* [Problem details]
Shown below are entries with pictures; the line with "earth music&ecology サイドタックスーパーワイドデニムパンツ" through the line with "ASOS Vibrant Pointed" is the span to retype exactly, and the pictures stay out.

* [Supplied information]
....................

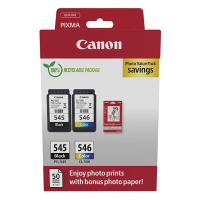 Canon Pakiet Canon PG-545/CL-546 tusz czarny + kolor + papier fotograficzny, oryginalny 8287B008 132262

....................

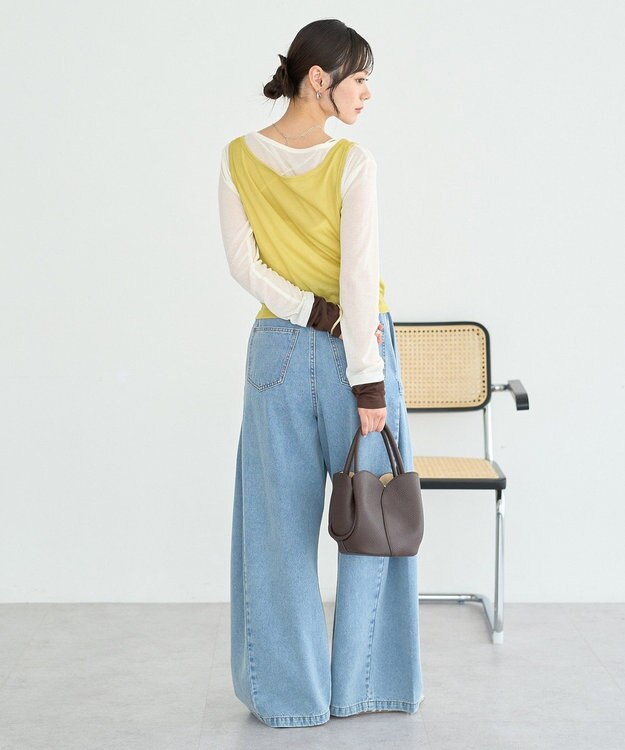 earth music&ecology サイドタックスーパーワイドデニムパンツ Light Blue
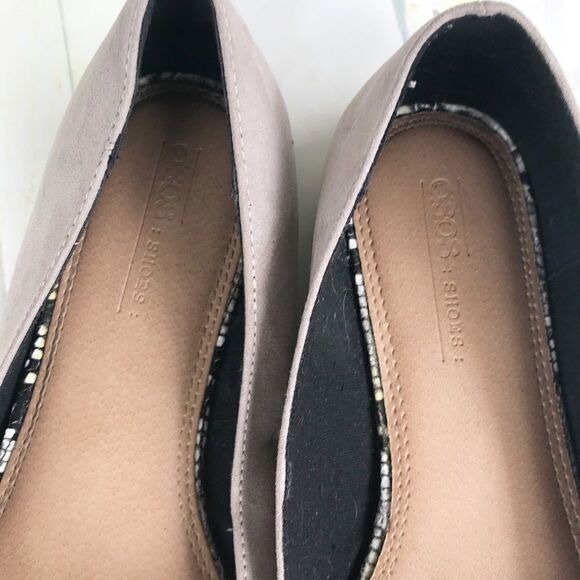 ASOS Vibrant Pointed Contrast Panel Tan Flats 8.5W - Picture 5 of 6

....................

* [Answer]
 earth music&ecology サイドタックスーパーワイドデニムパンツ Light Blue
 ASOS Vibrant Pointed Contrast Panel Tan Flats 8.5W - Picture 5 of 6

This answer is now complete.